Key Takeaways: Building a Complete Banking Transaction System

System Design

  1. Design before you code. Requirements analysis, data dictionaries, copybooks, and structure charts are not bureaucratic overhead — they are engineering tools that prevent costly rework. An hour of design saves a day of debugging.

  2. Separation of concerns scales. Each program should have one well-defined responsibility. ACCT-LOAD loads, TXN-PROC processes transactions, RPT-STMT generates reports. When programs are focused, they are easier to understand, test, maintain, and replace.

  3. Copybooks are contracts. When multiple programs share a copybook, they share an understanding of the data. Changes to a copybook affect every program that copies it. Treat copybook changes with the same care you would give to an API change.

Data Design

  1. Use COMP-3 for monetary fields. Packed decimal preserves exact decimal precision and saves storage space. Always include the S (sign) for fields that can be negative — bank accounts can have negative balances.
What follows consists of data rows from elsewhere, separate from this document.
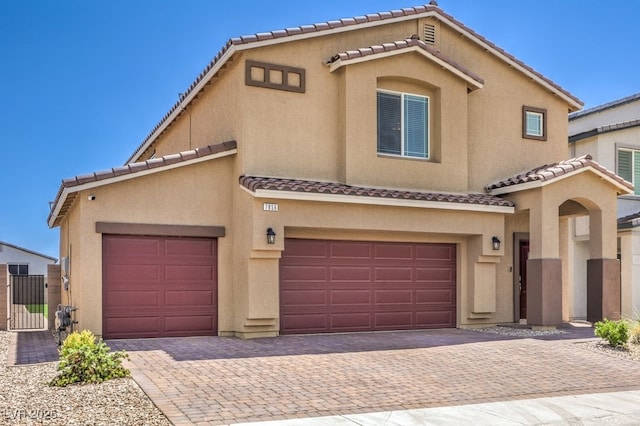 view of front of property with a garage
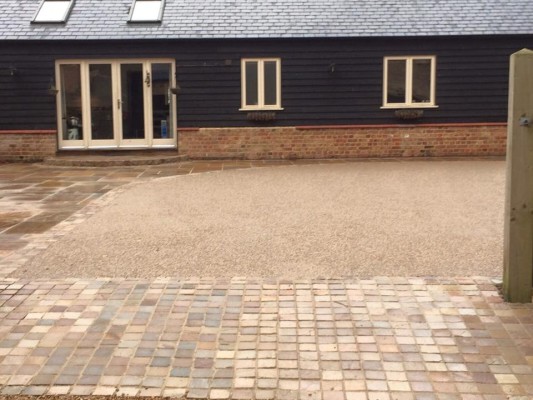 New resin bound driveway with Indian sandstone setts and patio slab area to match.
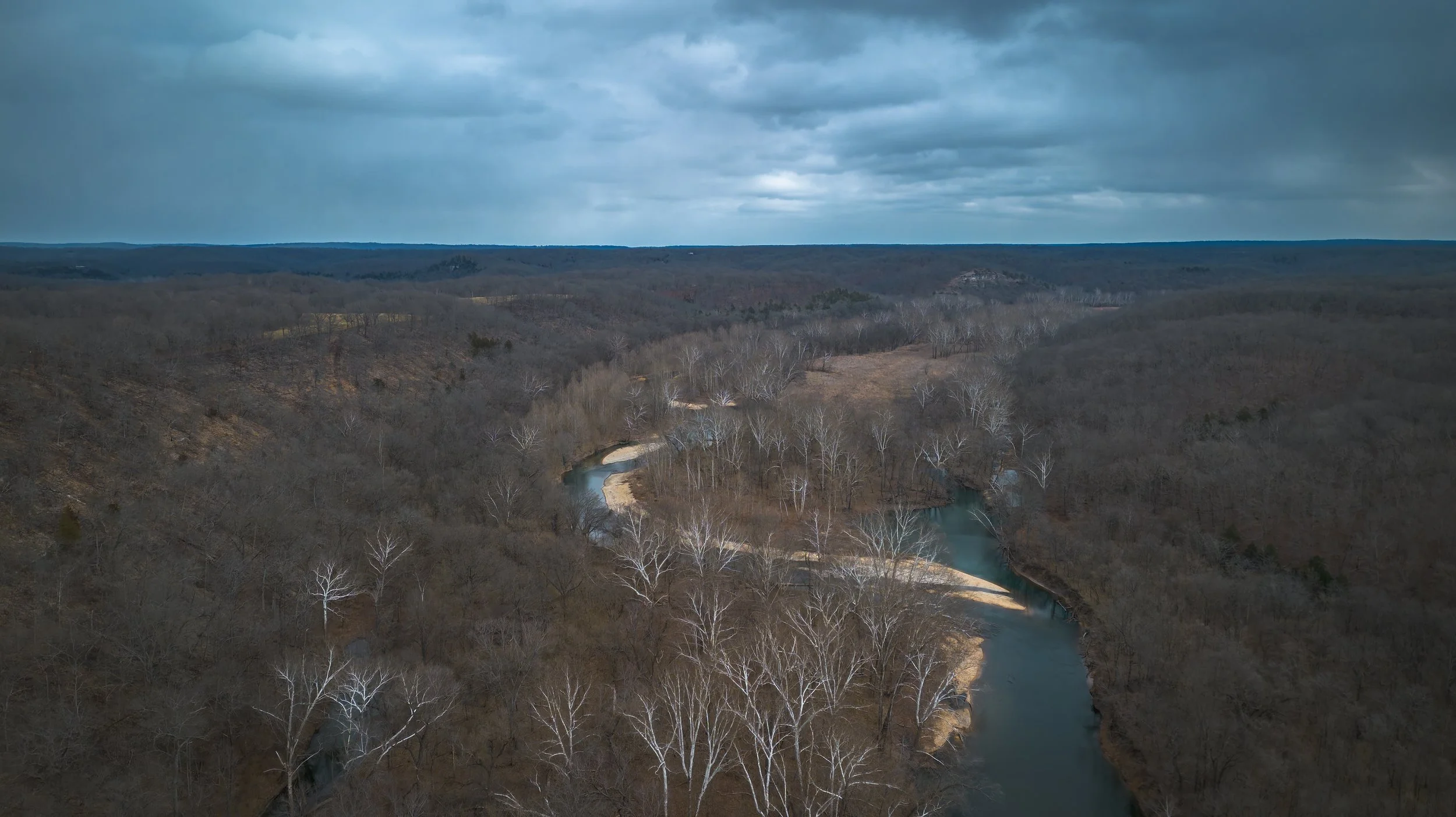 Aerial view of a winding river through a forested landscape under a cloudy sky.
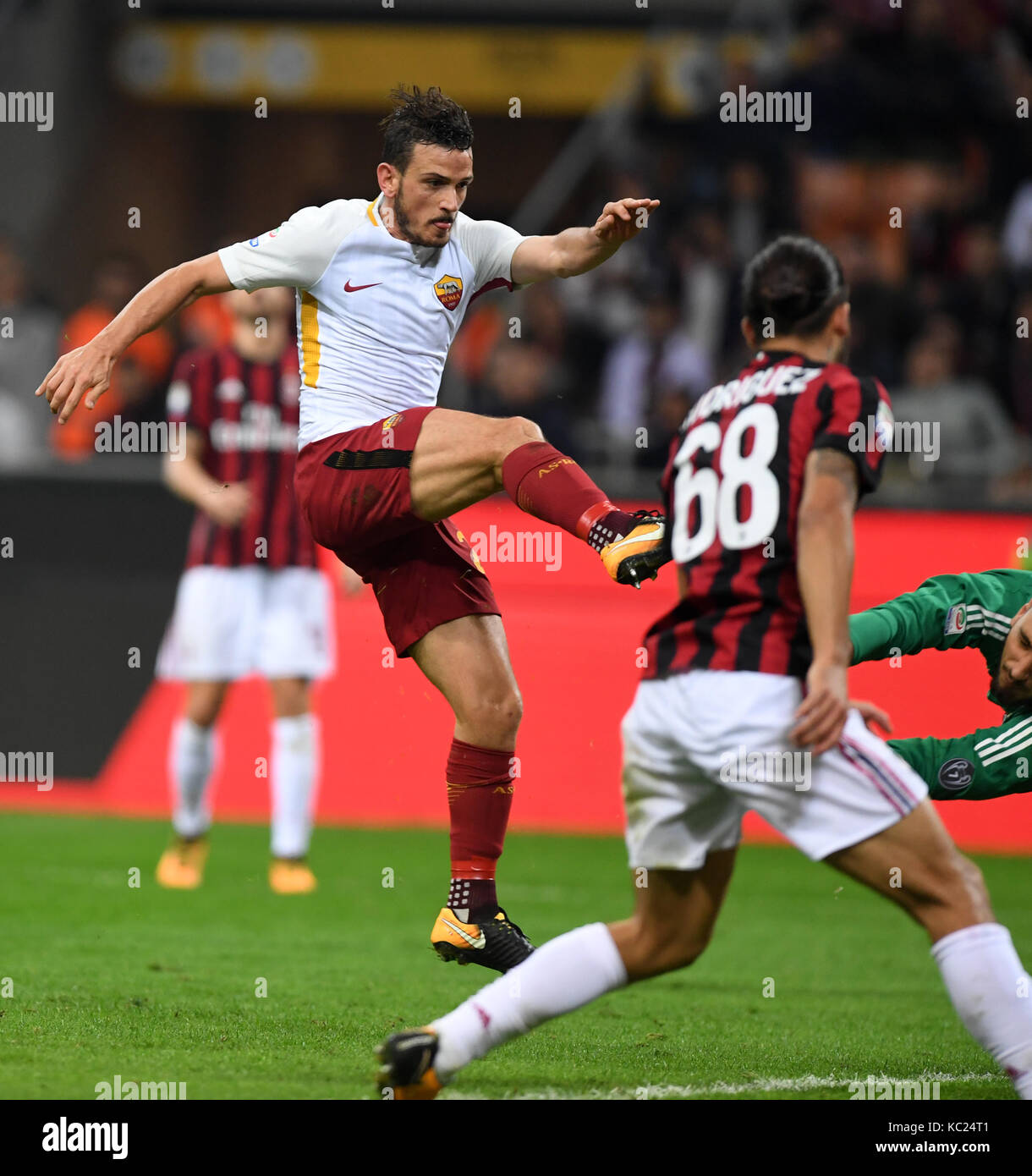 Rome. 2nd Oct, 2017. Roma's Alessandro Florenzi (L) scores during a Serie A soccer match between AC Milan and Roma in Milan, Italy, Otc. 1, 2017. Roma won 2-0. Credit: Alberto Lingria/Xinhua/Alamy Live News Stock Photo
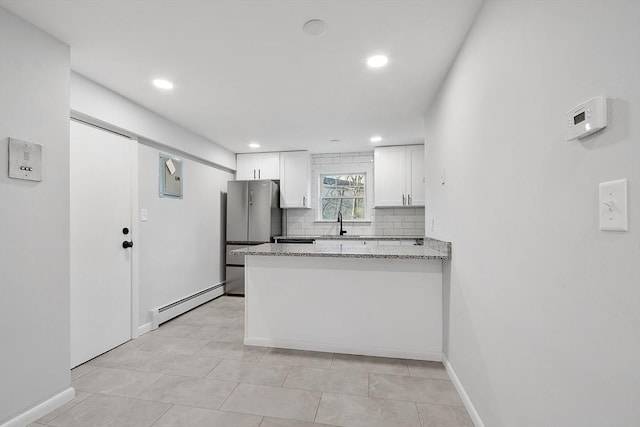 kitchen with stainless steel fridge, light stone countertops, baseboard heating, tasteful backsplash, and white cabinetry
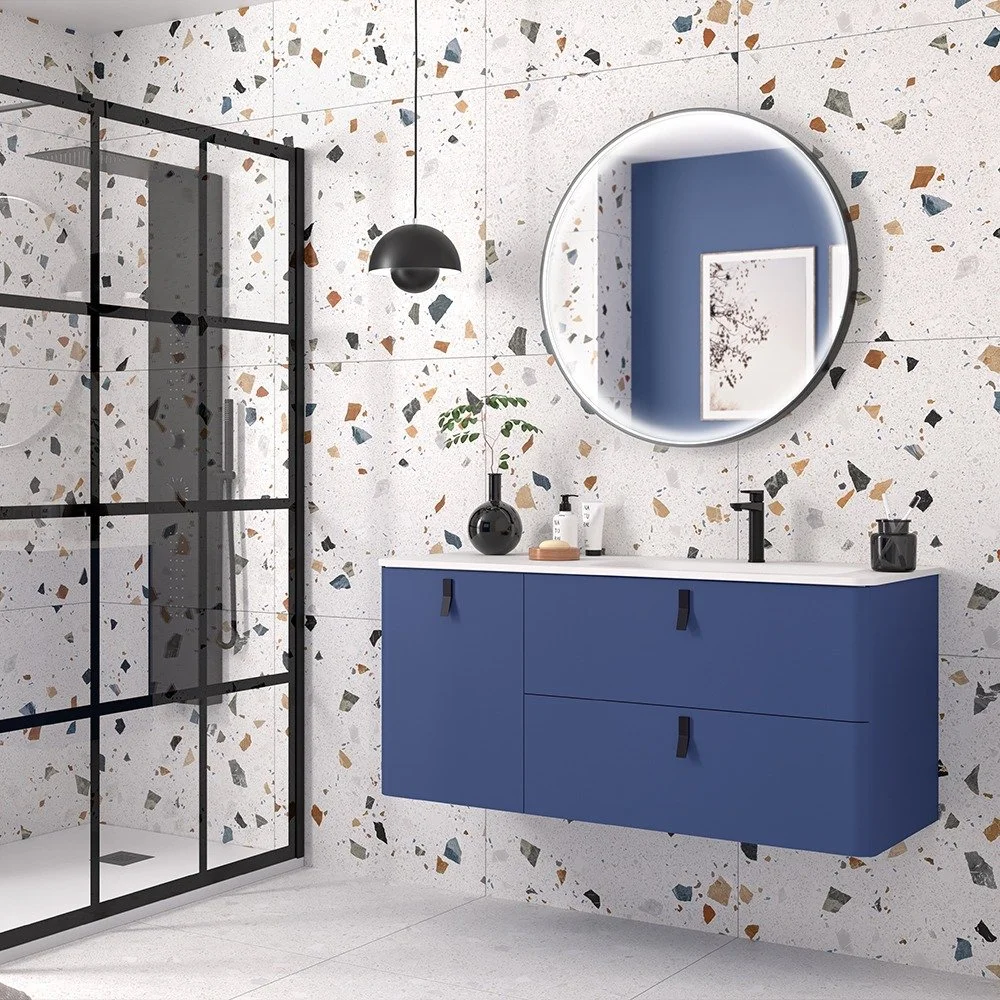 Modern bathroom with terrazzo walls, a black-framed glass shower, a blue floating vanity with black hardware, a round mirror with LED light, and black pendant lighting. Blue vanity unit with brass handles on display at Island Bathrooms Salisbury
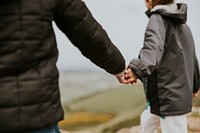 Two sisters holding hands while hiking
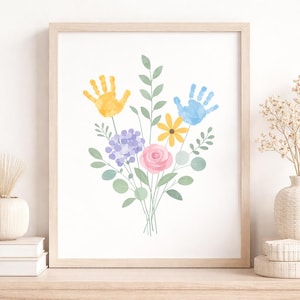 Könnte beinhalten: Ein gerahmter Aquarelldruck mit einem Blumenstrauß und Handabdrücken. Der Strauß enthält einen gelben Handabdruck, einen blauen Handabdruck, eine rosa Rose und andere bunte Blumen und Grün. Das Kunstwerk ist vor einem weißen Hintergrund.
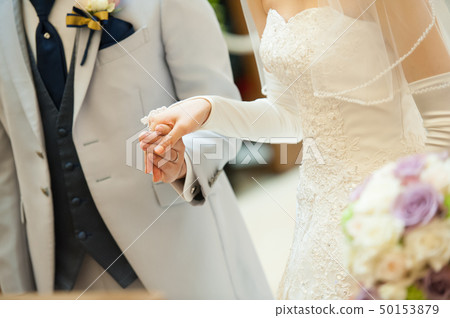 A groom that escorts a bride 50153879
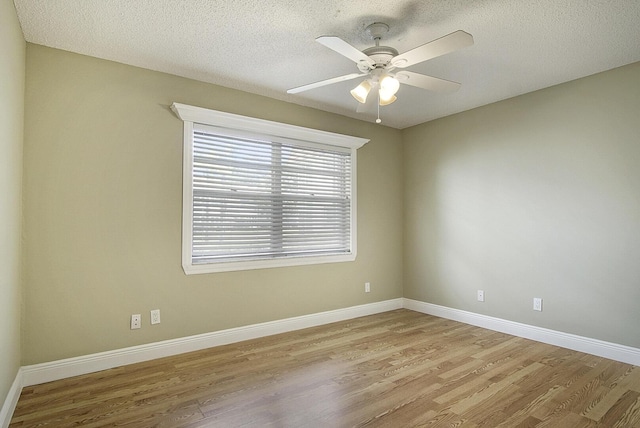 1225 NW 21st St Unit 3701, Stuart, FL 34994 - unfurnished room with light wood finished floors, a ceiling fan, and a textured ceiling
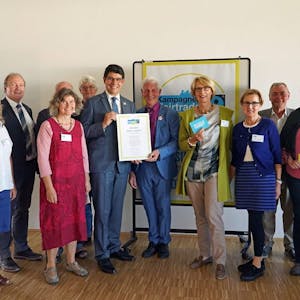 Bürgermeister Klaus Schumacher nimmt zusammen mit der Aktionsgruppe die Auszeichnung vom Fairtrade-Ehrenbotschafter Dr. Manfred Holz entgegen.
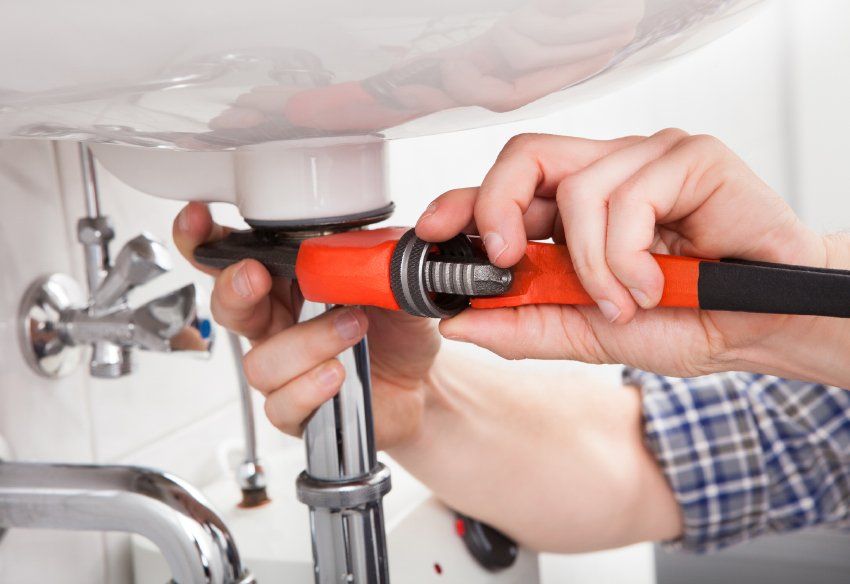 The image of a professional doing plumbing services in Elk River, MN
  2. Use 88-level condition names. IF ACCT-ACTIVE is self-documenting; IF ACCT-STATUS = 'A' is not. Condition names reduce bugs, improve readability, and centralize valid-value definitions.

  3. Include FILLER in every record. Twenty bytes of expansion room costs nothing and saves a weekend of production downtime when you inevitably need to add a field.

Implementation Patterns

  1. Check every file status. COBOL does not throw exceptions — it sets status codes. If you do not check them, errors are silent. Every READ, WRITE, REWRITE, and OPEN must be followed by a status check.

  2. Use the read-ahead pattern. Perform the first READ in initialization, then read at the end of the processing loop. This ensures EOF is detected before the record is processed.

  3. Subprograms use GOBACK, not STOP RUN. STOP RUN terminates the entire run unit. GOBACK returns control to the caller. This distinction is critical in a system with called subprograms.

  4. Return codes communicate program status. Use 0 for success, 4 for warnings, 8 for errors, and 16 for fatal failures. JCL COND parameters use these codes to control job flow.

Audit and Integrity

  1. The audit trail is not optional. In financial systems, every change must be traceable. Log the who, what, when, before-image, and after-image of every modification.

  2. Transfers must be atomic. A two-phase operation (debit source, credit target) must either complete entirely or not at all. Partial completion creates data integrity problems that are difficult to detect and correct.

Professional Practices

  1. Code reviews are mentorship. Senior developers reviewing junior developers' code transfers knowledge that cannot be learned from a textbook. The review is not adversarial — it is collaborative improvement.

  2. Test before and after integration. Unit tests verify individual programs; integration tests verify that programs work together through shared files and interfaces. Both are necessary.

  3. Batch and online are different worlds. Batch programs control their own flow and use native COBOL I/O. CICS programs are pseudo-conversational and use EXEC CICS commands. Understanding both is essential for enterprise COBOL development.